Guidelines for references (from the APA Manual)

 

In-text citations:

Sources cited or referred to in the text should indicate the author's last name, publication date, and page number(s) when applicable: (Gatbonton, 1994; Collins & White, 2005, p. 563); if more than one citation appears in parenthetical material, they should appear in alphabetical order. When the author's name is part of the text, follow this form: Trofimovich (2007) argued that...
 

Reference list:

All in-text citations must be listed in full in the reference list at the end of the article. Begin the reference list on a separate page entitled “References” and double-space it throughout. Each entry must include the author’s name, co-authors (if applicable), publication date, and title of the work. For a journal article, also provide the name of the journal, volume number, and page numbers for the article. For an article in an edited volume, include the editor’s name, title of the volume, and page numbers of the article. For a book or monograph, include the edition, place of publication, and name of publisher. Punctuate and capitalize as in the following examples:
 

Conference presentation:

Auger, J. (2001, March). Entre syntaxe et morphologie: Les clitiques pronominaux et l’épenthèse en Picard. Paper presented at Le Groupe Langues & Grammaire et l’UMR 7023, Indiana University, IN.
 

Journal article:

Cardoso, W. (2007). The variable development of English word-final stops by Brazilian Portuguese speakers: A stochastic optimality theoretic account. Language Variation and Change, 19, 1-30.
 

Book:

Ellis, R. (1994). The study of second language acquisition. Oxford: Oxford University Press.

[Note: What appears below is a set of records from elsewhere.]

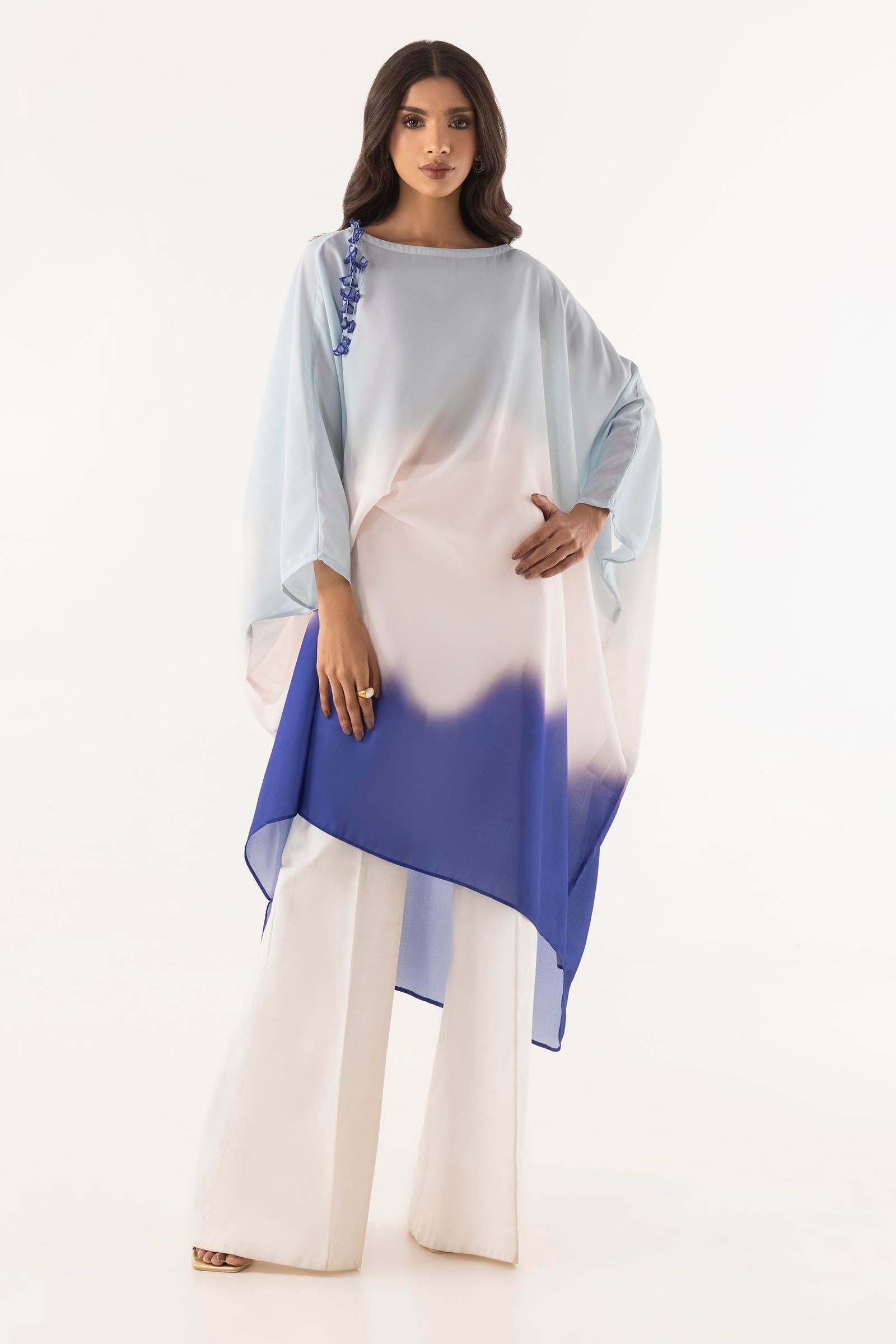 Stitched Satin Printed Tunic Main image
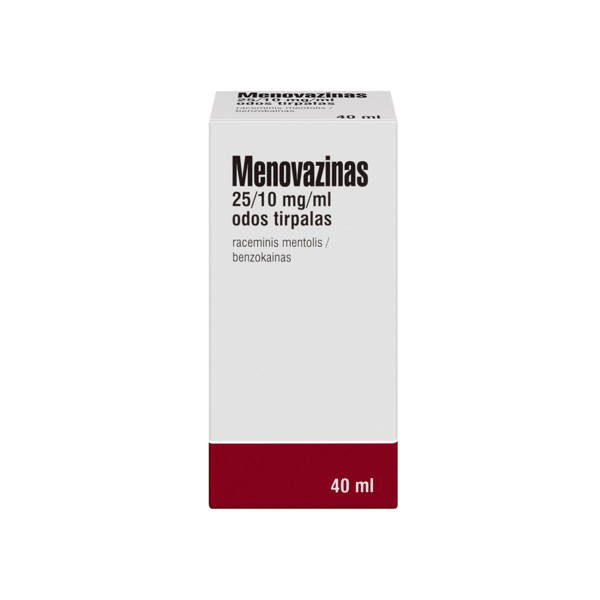 MENOVAZINAS, 25/10 mg/ml, odos tirpalas, 40 ml  paveikslėlis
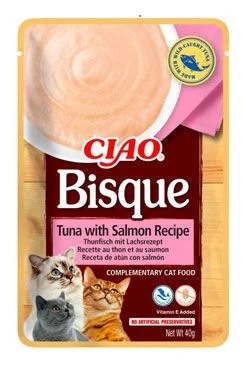 Cat Bisque Tuna with salmon Recipe Gramáž 40g
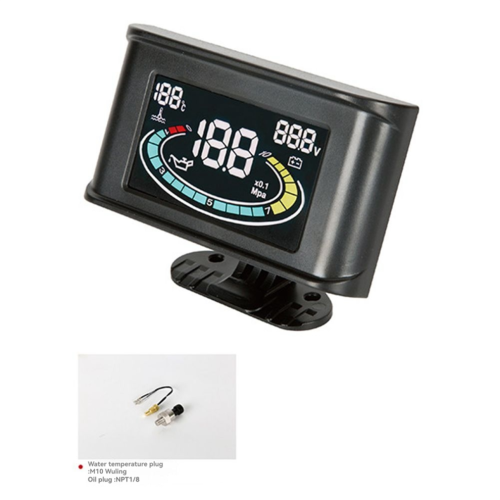 Indicatore LCD 3 in 1 per auto, temperatura acqua e pressione olio 1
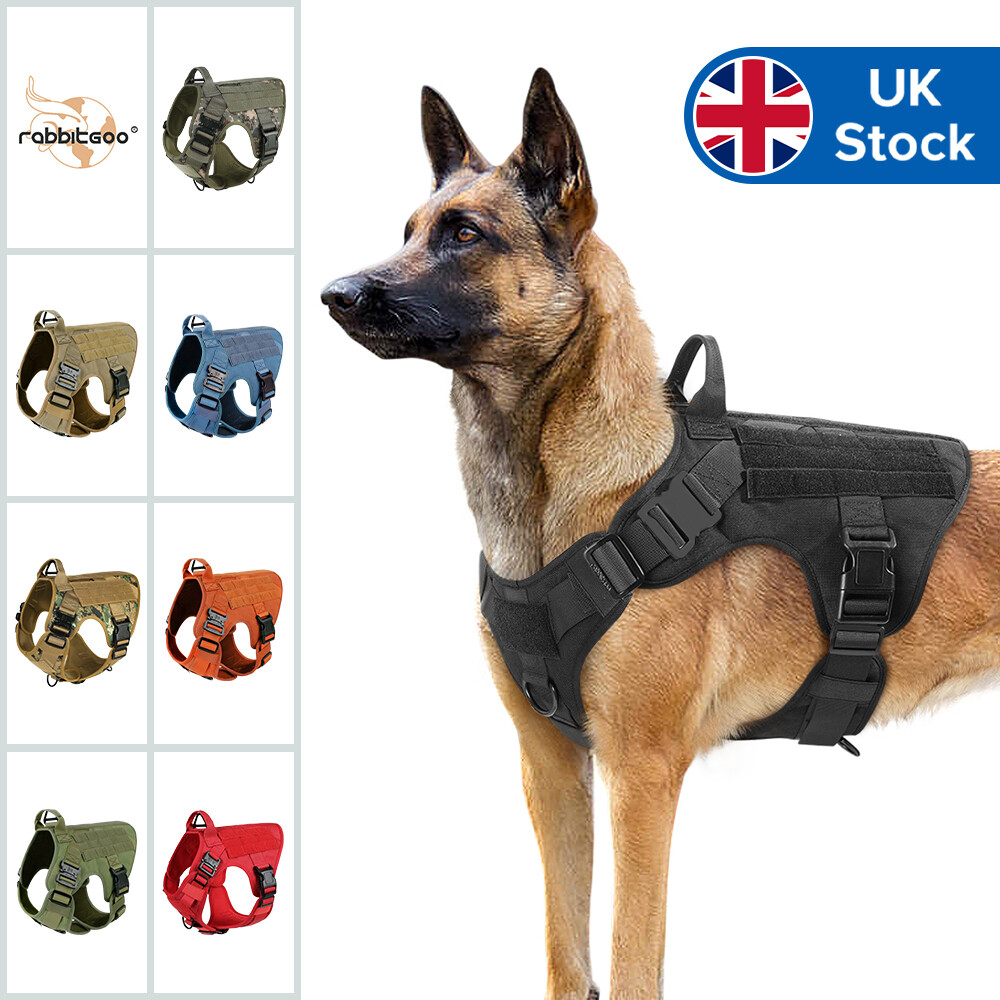 Rabbitgoo Tactical Dog Harness Pet No-pull Strong Adjustable Vest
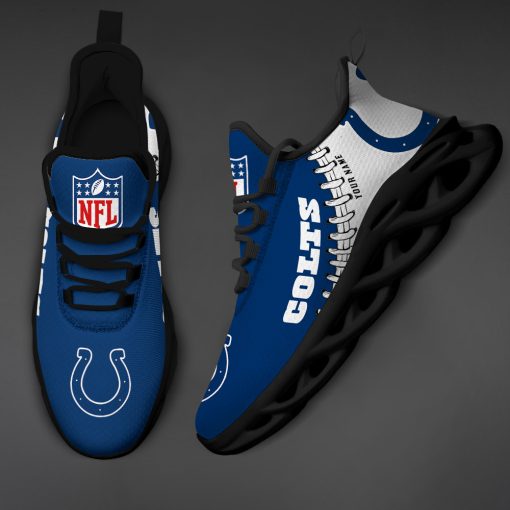 Indianapolis Colts Custom Name Max Soul Shoes V15 - Image 5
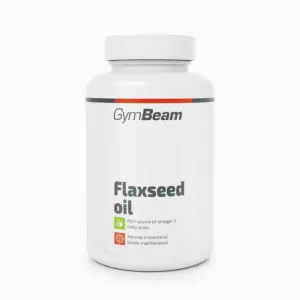 GymBeam Flaxseed olej 90 kaps. obraz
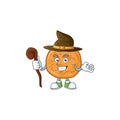 Sweet and tricky Witch molasses cookies cartoon character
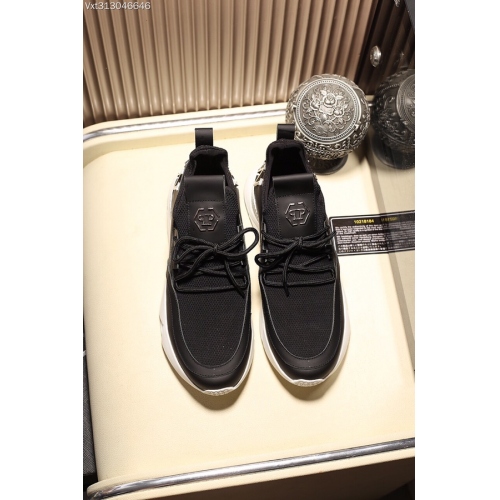 Replica Philipp Plein PP Casual Shoes For Men #408136 $82.00 USD for Wholesale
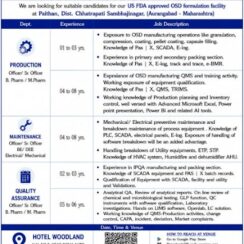 Ajanta Pharma Walk In Interview ON 12th July for Production, Maintenance and Quality Assurance Jobs I Chhatrapati Sambhajinagar.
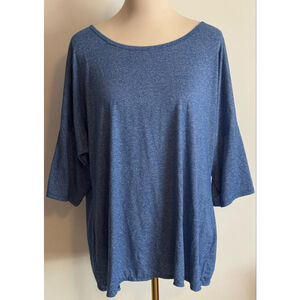 Women's LuLaRoe Irma Blue Short Sleeve Tee Plus 3XL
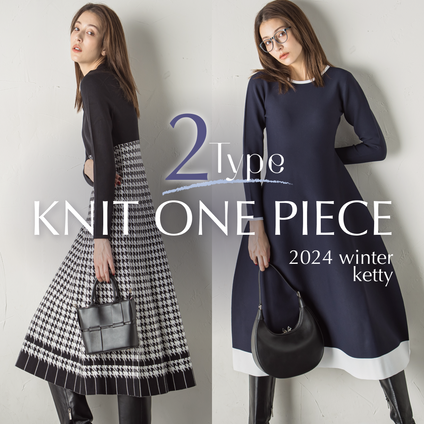 ketty｜2024AW 2type one-piece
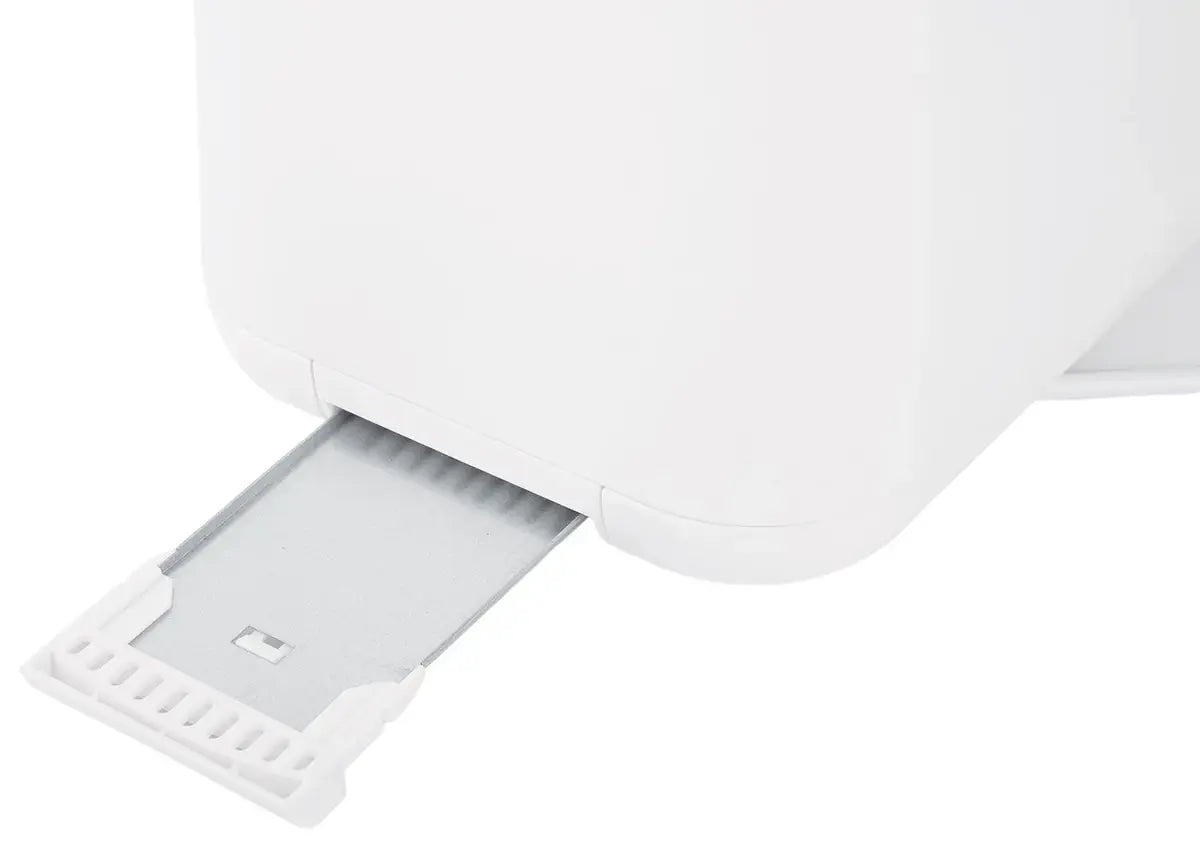 ELLE Panache Tostapane Digitale 2 Fette Bianco – Display Touch e Slot Extra Larghe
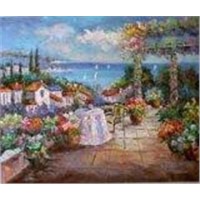 garden oil painting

PhD dissertations, theses, unpublished manuscripts:
Horst, M. (2000). Text Encounters of the Frequent Kind: Learning L2 Vocabulary through Reading. Unpublished doctoral dissertation, CALS Swansea, UK.
 

Edited book:

Meisel, J. (Ed.). (1994). Bilingual first language acquisition: French and German grammatical development. Amsterdam: Benjamins.
 

Journal article with more than one author:

Trahey, M., & White, L. (1993). Positive evidence and preemption in the second language classroom. Studies in Second Language Acquisition, 15, 181-204.
 

Article in an edited book:

Zuengler, J. (1993). Explaining NNS interactional behavior: The effect of conversational topic.
In G. Kasper & S. Blum-Kulka (Eds.), Interlanguage pragmatics (pp. 184-195). Oxford: Oxford University Press.